The funding is aimed at both helping schools keep students from dropping out and bringing back students who had already dropped out.  The new emphasis is on monitoring student attendance, behavior, and coursework in middle school, looking for warning signs.  The focus will be on helping individual students rather than demographic groups of students.  The program will enlist the aid of social service groups and community groups to help returning dropouts make up lost ground, using school “acceleration institutes” and community-based “re-engagement specialists” such as social workers.
The new initiative provides a welcome focus on improvement in high school graduation rates as part of the push to increase college graduation rates.  The future of the initiative is uncertain, however, given funding uncertainties due to the financial crisis.
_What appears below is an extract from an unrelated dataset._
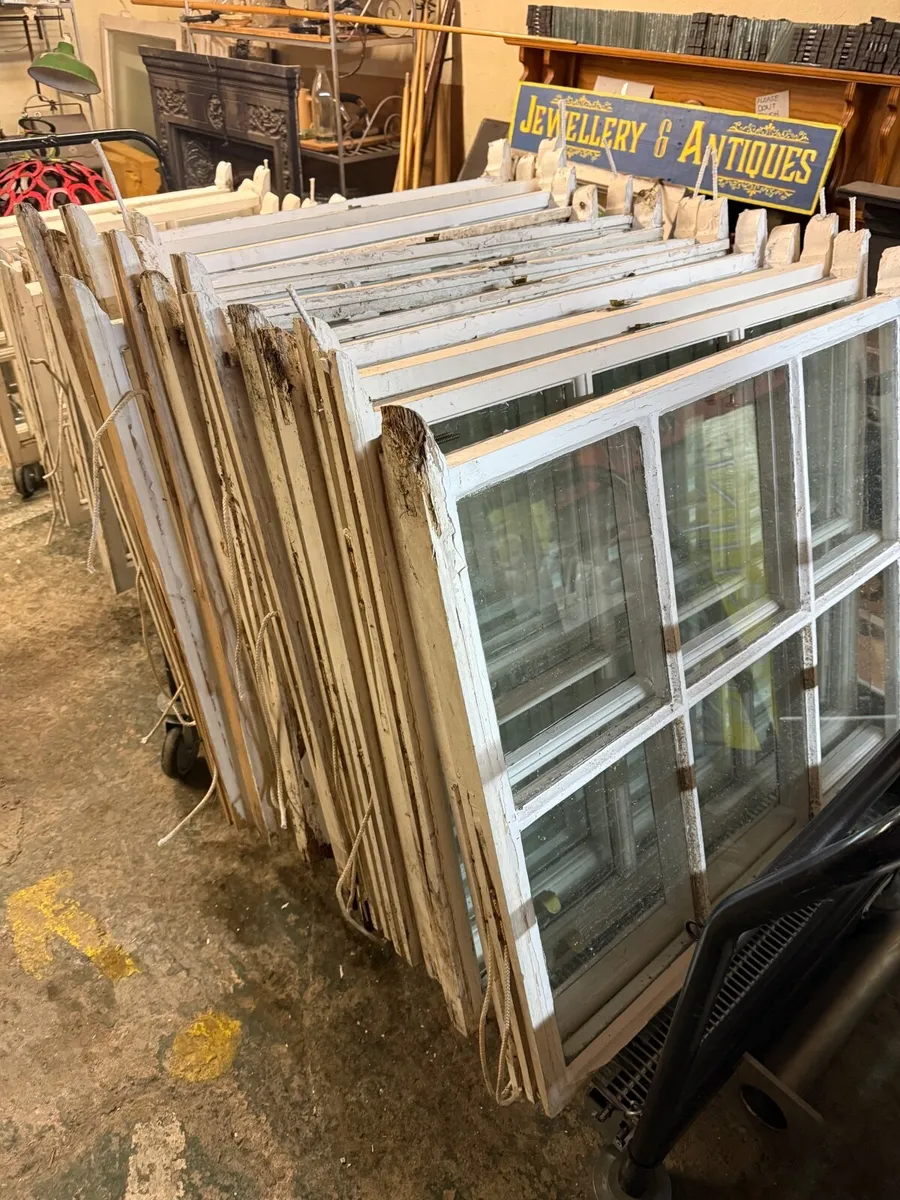 Various Victorian sashes some  bulls eye glass. - Image 1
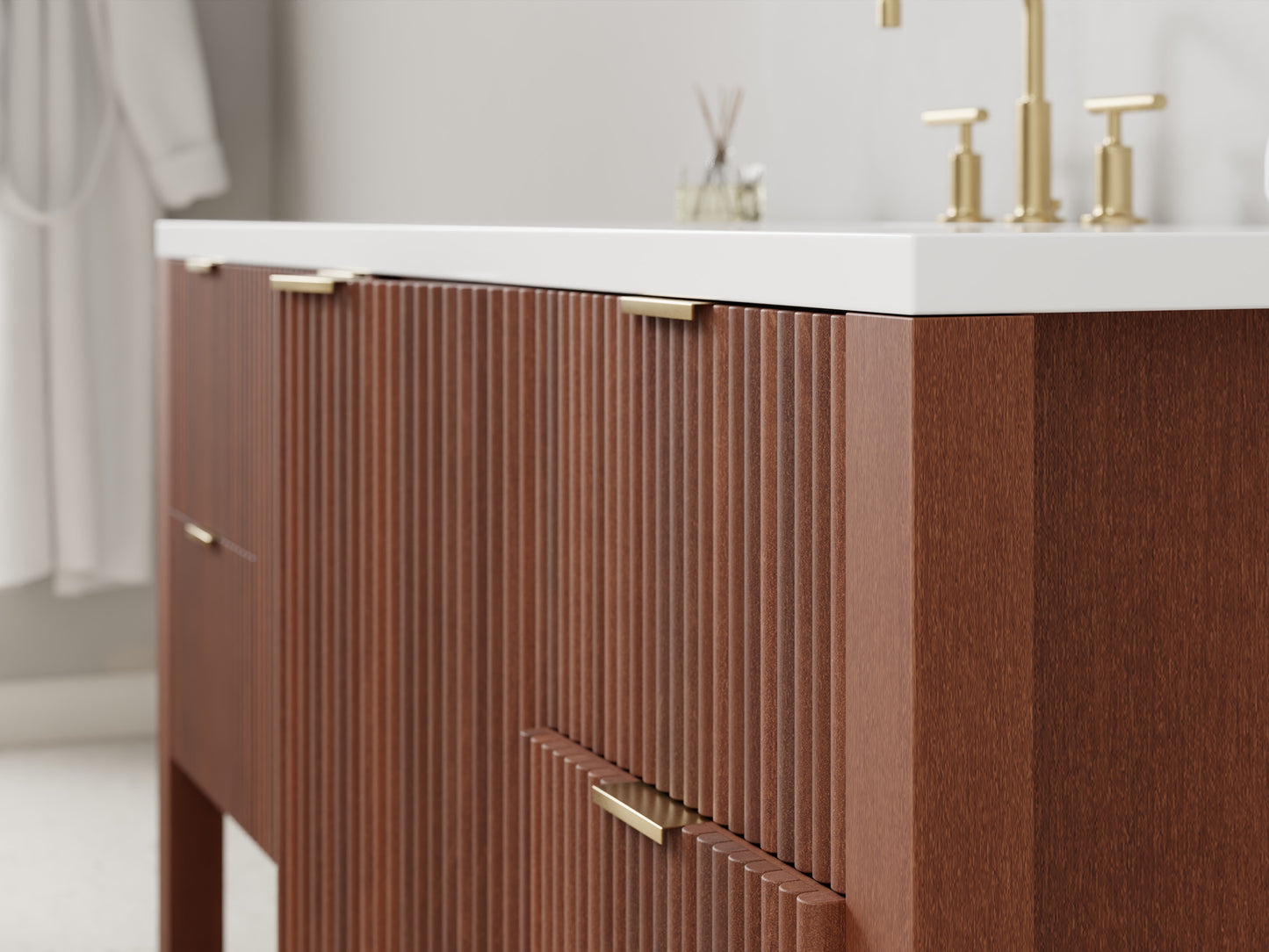 reeded - mahogany - closeup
City’s Black Males Stay in School, p. 1
Baltimore school leaders have been working with a program over the past three years to keep more students in school and on track to graduation.  One result:  Black male students’ graduation rate has increased from 51% in 2006-2007 to 57.3% in 2009-2010.  Overall graduation rates went from 60% to 66% over the same time span.  Blacks make up 87.8% of enrollment in city schools.  Comparable national figures for 2006-2007:  46.7% of African American males graduated versus 73.7% of white males.  The district has also scored higher on National Assessments (83.6%) than would be expected in a high-poverty area.  The emphasis of the program has been on reducing absenteeism and suspensions, providing students with more public school choice options, and enlisting community partnerships.  One strategy has been the “Great Kids Come Back Campaign,” with volunteer s knocking on doors to try to bring back dropouts.
One key has been to change the expectations of adults—it was always assumed that a certain percentage of students would be lost, based on practices such as showing the door to students who came infrequently, who had discipline problems, or who were old but had too few credits.  Instead, an “intervention period” was created for such students while efforts were made to help get them back on track.
Student mindsets had to change as well.  Community group leaders, who “speak a language the community understands,” have been used to help bring defiant and disruptive students into the program.